▸ **Exercise details**: Your answer should be the lines below from the one holding "Anatomic pathology: Cloacal" through the one holding "Продам семенной картофель", copied exactly and with nothing else.

▸ **Entries supplied**:
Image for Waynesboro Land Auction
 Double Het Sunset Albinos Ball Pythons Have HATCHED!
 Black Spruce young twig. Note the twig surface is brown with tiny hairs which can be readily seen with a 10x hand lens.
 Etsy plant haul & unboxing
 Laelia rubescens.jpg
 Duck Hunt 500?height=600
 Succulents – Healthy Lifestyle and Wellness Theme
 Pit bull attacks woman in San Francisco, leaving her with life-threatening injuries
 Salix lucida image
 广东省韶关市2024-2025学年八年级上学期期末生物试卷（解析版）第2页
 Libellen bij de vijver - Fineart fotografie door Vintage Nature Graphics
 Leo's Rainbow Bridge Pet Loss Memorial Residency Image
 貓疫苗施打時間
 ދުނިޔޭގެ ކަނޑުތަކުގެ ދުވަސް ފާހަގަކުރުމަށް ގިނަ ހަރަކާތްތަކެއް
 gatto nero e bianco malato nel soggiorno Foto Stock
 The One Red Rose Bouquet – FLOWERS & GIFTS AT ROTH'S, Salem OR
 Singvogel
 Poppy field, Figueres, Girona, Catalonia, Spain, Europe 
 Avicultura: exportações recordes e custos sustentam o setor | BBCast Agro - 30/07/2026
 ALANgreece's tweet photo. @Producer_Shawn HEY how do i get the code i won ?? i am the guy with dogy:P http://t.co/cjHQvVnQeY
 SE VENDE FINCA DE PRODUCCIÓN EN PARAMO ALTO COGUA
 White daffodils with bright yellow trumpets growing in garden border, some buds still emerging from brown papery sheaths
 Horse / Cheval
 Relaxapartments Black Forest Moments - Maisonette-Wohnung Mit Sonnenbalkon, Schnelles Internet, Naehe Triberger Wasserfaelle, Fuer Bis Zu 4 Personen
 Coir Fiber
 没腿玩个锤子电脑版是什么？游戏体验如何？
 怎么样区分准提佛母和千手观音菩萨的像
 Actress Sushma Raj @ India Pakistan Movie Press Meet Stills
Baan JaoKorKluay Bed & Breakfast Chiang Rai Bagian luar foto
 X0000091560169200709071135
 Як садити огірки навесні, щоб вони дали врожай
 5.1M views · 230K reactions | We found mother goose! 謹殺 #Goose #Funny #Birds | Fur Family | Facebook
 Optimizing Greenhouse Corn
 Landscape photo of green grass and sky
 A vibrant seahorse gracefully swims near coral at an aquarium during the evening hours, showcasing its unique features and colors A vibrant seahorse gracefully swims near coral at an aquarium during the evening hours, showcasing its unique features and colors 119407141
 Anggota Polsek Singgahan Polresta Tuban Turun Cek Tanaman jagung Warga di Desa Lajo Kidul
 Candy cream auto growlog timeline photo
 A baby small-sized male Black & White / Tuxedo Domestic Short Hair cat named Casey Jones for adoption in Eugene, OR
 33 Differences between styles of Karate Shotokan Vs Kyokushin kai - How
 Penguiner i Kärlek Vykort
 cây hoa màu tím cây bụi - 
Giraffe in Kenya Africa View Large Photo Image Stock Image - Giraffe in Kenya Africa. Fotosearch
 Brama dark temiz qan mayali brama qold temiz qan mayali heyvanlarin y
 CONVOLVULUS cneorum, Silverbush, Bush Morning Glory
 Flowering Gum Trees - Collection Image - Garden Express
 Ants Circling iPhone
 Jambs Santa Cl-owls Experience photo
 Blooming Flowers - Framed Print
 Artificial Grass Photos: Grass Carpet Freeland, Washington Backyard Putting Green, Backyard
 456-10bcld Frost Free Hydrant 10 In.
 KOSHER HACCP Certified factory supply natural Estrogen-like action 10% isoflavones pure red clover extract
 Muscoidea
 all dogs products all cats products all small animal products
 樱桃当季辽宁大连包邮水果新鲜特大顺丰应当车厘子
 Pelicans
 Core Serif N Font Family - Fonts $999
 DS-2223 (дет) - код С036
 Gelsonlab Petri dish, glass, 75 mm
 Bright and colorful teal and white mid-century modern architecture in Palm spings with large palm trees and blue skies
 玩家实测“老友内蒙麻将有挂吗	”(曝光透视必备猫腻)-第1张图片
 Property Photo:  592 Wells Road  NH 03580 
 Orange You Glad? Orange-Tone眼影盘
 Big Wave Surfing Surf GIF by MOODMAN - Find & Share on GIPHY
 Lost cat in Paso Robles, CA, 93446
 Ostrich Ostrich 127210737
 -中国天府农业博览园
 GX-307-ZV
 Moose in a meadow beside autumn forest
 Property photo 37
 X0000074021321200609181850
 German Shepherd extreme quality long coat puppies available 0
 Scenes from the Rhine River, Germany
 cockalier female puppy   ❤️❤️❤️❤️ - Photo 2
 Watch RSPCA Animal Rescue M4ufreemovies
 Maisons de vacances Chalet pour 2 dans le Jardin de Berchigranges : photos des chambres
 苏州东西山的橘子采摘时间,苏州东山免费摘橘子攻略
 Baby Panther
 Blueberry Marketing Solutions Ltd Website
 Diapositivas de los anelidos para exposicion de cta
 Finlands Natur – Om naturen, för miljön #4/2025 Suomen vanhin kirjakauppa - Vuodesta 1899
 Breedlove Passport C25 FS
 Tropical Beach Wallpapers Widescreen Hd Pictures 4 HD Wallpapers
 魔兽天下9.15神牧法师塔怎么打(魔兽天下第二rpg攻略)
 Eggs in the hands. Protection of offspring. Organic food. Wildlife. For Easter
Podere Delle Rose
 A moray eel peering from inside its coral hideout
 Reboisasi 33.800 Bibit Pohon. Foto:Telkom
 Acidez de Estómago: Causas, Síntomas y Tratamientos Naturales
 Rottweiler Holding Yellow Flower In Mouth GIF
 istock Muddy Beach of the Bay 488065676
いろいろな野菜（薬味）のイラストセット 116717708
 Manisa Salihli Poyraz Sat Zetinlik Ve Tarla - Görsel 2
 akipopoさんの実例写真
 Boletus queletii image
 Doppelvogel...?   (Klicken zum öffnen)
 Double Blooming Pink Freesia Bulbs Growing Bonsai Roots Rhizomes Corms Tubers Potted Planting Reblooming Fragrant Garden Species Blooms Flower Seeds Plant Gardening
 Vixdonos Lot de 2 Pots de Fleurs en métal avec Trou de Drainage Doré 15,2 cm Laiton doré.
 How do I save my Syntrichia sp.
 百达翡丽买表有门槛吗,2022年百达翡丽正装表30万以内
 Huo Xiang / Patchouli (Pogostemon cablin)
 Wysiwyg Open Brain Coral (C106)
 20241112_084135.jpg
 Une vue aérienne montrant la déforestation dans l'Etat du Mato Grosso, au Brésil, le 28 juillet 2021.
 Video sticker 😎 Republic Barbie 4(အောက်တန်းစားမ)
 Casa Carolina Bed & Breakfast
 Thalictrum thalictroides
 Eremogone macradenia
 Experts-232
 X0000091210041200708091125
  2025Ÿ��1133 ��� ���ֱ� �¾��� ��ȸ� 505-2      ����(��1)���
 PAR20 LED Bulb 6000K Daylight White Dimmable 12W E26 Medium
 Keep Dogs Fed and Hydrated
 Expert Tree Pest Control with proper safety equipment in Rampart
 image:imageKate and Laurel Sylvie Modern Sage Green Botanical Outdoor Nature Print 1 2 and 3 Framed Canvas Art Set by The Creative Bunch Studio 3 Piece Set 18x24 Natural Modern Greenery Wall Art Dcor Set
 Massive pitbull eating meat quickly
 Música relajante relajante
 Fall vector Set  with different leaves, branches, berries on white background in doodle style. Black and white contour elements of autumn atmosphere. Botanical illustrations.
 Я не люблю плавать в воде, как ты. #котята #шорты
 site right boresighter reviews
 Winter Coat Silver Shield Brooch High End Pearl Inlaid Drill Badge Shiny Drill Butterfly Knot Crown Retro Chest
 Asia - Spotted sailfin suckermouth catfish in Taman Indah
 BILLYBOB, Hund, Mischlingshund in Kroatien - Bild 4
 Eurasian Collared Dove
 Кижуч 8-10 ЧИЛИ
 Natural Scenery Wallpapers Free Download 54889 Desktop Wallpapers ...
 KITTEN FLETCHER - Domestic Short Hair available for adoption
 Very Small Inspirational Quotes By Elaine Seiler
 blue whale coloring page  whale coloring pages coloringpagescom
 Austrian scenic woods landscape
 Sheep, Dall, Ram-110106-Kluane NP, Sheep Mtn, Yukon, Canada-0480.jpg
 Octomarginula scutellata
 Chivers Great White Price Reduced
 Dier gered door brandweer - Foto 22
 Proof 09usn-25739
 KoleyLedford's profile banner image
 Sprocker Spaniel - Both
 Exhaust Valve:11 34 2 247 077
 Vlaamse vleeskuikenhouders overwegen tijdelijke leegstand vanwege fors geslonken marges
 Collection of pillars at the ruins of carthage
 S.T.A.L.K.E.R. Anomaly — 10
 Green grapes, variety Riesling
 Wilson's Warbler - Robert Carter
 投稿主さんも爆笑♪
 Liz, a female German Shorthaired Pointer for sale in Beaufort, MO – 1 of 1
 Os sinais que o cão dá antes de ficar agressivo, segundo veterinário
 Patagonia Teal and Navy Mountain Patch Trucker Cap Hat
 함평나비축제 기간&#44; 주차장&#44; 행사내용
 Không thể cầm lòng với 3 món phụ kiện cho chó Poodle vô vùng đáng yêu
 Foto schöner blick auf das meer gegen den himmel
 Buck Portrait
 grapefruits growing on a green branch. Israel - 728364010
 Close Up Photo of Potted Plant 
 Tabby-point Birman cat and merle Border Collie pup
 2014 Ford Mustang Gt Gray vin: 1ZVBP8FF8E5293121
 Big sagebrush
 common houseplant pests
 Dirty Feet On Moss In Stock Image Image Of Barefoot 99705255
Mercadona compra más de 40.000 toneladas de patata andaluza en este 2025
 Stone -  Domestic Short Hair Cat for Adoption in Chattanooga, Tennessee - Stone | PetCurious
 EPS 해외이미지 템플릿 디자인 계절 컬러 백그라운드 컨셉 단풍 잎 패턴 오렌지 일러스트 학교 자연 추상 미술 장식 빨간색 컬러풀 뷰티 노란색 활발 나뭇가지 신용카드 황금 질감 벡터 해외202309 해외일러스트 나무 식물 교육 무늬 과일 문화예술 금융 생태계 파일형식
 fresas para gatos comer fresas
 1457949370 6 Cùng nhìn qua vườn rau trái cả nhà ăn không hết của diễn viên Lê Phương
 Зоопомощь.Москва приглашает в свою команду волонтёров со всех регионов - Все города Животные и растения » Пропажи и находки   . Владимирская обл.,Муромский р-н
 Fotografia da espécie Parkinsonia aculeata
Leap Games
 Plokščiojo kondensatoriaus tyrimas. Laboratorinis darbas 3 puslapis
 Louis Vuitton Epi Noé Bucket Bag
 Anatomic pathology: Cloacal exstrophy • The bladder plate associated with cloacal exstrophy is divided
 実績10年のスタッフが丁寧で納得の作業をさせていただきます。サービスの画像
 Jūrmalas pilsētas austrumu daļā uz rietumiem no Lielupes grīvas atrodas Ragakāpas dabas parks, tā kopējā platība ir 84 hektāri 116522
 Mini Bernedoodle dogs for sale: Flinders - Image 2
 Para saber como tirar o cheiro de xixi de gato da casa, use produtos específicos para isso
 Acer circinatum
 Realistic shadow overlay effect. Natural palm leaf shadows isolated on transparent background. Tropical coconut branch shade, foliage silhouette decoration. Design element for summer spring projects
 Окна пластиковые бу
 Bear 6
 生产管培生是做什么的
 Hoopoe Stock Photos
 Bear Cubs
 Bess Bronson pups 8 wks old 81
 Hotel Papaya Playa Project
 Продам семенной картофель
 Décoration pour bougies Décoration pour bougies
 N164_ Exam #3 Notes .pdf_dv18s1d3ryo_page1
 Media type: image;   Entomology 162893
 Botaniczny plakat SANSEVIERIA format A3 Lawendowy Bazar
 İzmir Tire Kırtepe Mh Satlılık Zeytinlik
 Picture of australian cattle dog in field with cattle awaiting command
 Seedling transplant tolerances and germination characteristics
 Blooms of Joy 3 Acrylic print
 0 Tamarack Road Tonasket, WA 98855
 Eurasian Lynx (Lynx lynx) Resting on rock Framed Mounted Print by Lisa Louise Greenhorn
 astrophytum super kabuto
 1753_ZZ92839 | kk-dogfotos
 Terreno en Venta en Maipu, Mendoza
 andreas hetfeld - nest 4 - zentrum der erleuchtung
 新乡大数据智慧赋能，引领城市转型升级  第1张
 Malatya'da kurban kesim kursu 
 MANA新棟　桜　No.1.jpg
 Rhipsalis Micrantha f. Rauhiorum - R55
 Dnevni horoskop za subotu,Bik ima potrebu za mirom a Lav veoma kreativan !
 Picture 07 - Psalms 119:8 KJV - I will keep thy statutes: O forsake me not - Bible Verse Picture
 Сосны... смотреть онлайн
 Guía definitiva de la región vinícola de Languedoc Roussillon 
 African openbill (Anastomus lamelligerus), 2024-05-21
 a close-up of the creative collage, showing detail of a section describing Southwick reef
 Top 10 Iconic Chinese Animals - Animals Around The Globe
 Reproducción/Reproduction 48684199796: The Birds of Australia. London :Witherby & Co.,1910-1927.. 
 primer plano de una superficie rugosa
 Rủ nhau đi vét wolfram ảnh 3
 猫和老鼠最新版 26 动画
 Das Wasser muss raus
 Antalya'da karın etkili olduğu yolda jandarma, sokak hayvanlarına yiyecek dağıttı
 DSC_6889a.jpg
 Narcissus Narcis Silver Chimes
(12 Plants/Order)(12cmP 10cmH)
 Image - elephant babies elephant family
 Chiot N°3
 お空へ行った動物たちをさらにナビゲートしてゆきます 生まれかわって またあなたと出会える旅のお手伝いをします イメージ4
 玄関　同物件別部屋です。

▸ **Exercise answer**:
 Anatomic pathology: Cloacal exstrophy • The bladder plate associated with cloacal exstrophy is divided
 実績10年のスタッフが丁寧で納得の作業をさせていただきます。サービスの画像
 Jūrmalas pilsētas austrumu daļā uz rietumiem no Lielupes grīvas atrodas Ragakāpas dabas parks, tā kopējā platība ir 84 hektāri 116522
 Mini Bernedoodle dogs for sale: Flinders - Image 2
 Para saber como tirar o cheiro de xixi de gato da casa, use produtos específicos para isso
 Acer circinatum
 Realistic shadow overlay effect. Natural palm leaf shadows isolated on transparent background. Tropical coconut branch shade, foliage silhouette decoration. Design element for summer spring projects
 Окна пластиковые бу
 Bear 6
 生产管培生是做什么的
 Hoopoe Stock Photos
 Bear Cubs
 Bess Bronson pups 8 wks old 81
 Hotel Papaya Playa Project
 Продам семенной картофель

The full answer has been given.